Elaborate gifts among the royal family, the elite, and foreign nobility were meant to impress and curry favor. One of the exhibit’s curators, Adam Eaker of New York’s Metropolitan Museum, sums it up as “the Tudor art of the gift.” For Elizabeth, this began even before she became queen in 1558.

“As a princess whose mother had been beheaded as an adulteress and whose legitimacy was repeatedly called into question,” he writes in the catalog, “Elizabeth used gifts to secure her ever-shifting position at court.”

Throughout their reign, the Tudors used art — especially portraits full of symbolism — to promote their legitimacy, authority and power.

“Thanks to Hollywood movies and TV dramas like ‘The Tudors,’” notes museum director Thomas Campbell, “many Americans have heard of King Henry VIII and his six wives, as well as the ‘Virgin Queen’ Elizabeth I, but few may be aware of the distinctive art and visual propaganda that was central to the splendor and drama of the Tudor court.”

In the exhibit’s three paintings of Elizabeth, two of them full-length, there is more than initially meets our 21st century eyes.

In the earliest surviving full-length portrait (circa 1567, attributed to George Gower), the queen wears an elaborate crimson dress and stands on a Turkish carpet. She holds a carnation, a symbol of marital love, in her right hand, and there’s a background of fruit including pears and pomegranates — all of which “characterize the young queen as a marriageable beauty,” the caption notes.

A decade later, a portrait by Nicholas Hilliard (at the exhibit entrance), depicts a seemingly ageless, unblemished, inexpressive queen, in elaborately jeweled attire.

It’s different, and yet it’s not. Hilliard produced the image while in France as part of an English delegation negotiating, unsuccessfully, a marriage between Elizabeth and Hercule-Francois, duc d’Alencon, the younger brother of the king of France. The “Virgin Queen” remained so.

As revealing as anything in the exhibit are paintings by German-born Hans Holbein the Younger, one of the great portraitists of all time, who became Tudor court painter in the 1530s.

Holbein’s portraits are almost photorealistic and packed with emotion. Here is Henry with the hint of a snarl; his son Edward VI as a toddler, a miniature version of his father; Jane Seymour, the lady-in-waiting who would become Henry’s third wife after he accused his second wife, Anne Boleyn, of adultery. They were married 11 days after Anne Boleyn was beheaded.

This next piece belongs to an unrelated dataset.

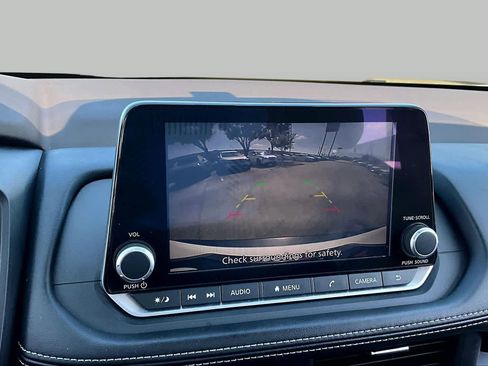 Certified 2023 Nissan Rogue S FWD image 23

This survey of the Tudor’s “art and majesty” could have been spectacular and nothing else; it is somewhat smaller than the original version at the Metropolitan Museum last year. But the San Francisco museum has added items of its own, and thankfully arranged the artwork — and the rulers — chronologically for clarity.

The focus is on art within historic context, and there are details worth searching out among the exhibits.

A gold locket is encircled with diamonds and rubies, but there’s still room for two striking images of Elizabeth, an Old Testament illustration and an encouraging motto in Latin.

Among the paintings displayed, a not-very-expressive portrait of Sir Amias Paulet reveals itself only in the caption. Paulet was governor of the Island of Jersey, then Elizabeth’s ambassador to France. Then he was entrusted to serve as jailer of her half-sister, Mary Queen of Scots, until her execution in 1587.